The peculiar and moving story of a Congolese boy's coming-of-age amid the political strife of postcolonial Congo
"It is even said-but I admit that it's difficult to believe, even though I got this from my uncle-that when Papa was born, you couldn't follow the World Cup or the Olympics live and that Coca-Cola had yet to spread the selling of soft drinks to our village. Michael Jackson had yet to become famous . . . If all this was really true, I wonder how men managed to fill up the twenty-four hours of the day, three hundred sixty-five days a year."

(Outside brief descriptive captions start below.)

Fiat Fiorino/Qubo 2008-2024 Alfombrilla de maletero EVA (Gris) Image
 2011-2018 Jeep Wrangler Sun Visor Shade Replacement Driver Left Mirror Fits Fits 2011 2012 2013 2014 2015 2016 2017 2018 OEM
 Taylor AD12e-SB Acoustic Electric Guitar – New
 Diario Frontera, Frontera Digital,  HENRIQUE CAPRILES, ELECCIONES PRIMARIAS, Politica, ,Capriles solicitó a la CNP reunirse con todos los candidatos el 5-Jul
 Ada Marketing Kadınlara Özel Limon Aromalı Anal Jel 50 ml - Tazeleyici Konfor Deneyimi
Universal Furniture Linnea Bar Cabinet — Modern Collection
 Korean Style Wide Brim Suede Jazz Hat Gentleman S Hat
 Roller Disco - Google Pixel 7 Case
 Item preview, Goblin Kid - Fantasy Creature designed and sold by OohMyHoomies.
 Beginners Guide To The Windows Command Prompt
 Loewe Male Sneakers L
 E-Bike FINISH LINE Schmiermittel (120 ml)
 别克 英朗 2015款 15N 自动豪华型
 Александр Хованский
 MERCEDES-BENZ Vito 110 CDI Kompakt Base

His nickname is Matapari, which means "trouble." He is an African child of the '90s-brilliant, mischievous, postcolonial, postmodern-caught in the crossfire of a chaotically liberated African country. Matapari grows up in a world of talking drums, the Internet, and satellite TV, a world of dictators who remake themselves as democrats overnight. His uncle is a stooge for the dictator; his father is a scholarly recluse obsessed with proving that blacks played key roles in Western history. Matapari is a young man in the middle-but the shrewdness and wit with which he tells his often riotously funny story set him apart from his relatives and countrymen. Emmanuel Dongala uses the ingenious viewpoint of a child to show up the telltale world of adults-and to show how one preserves one's independence in a corrupt and violent society.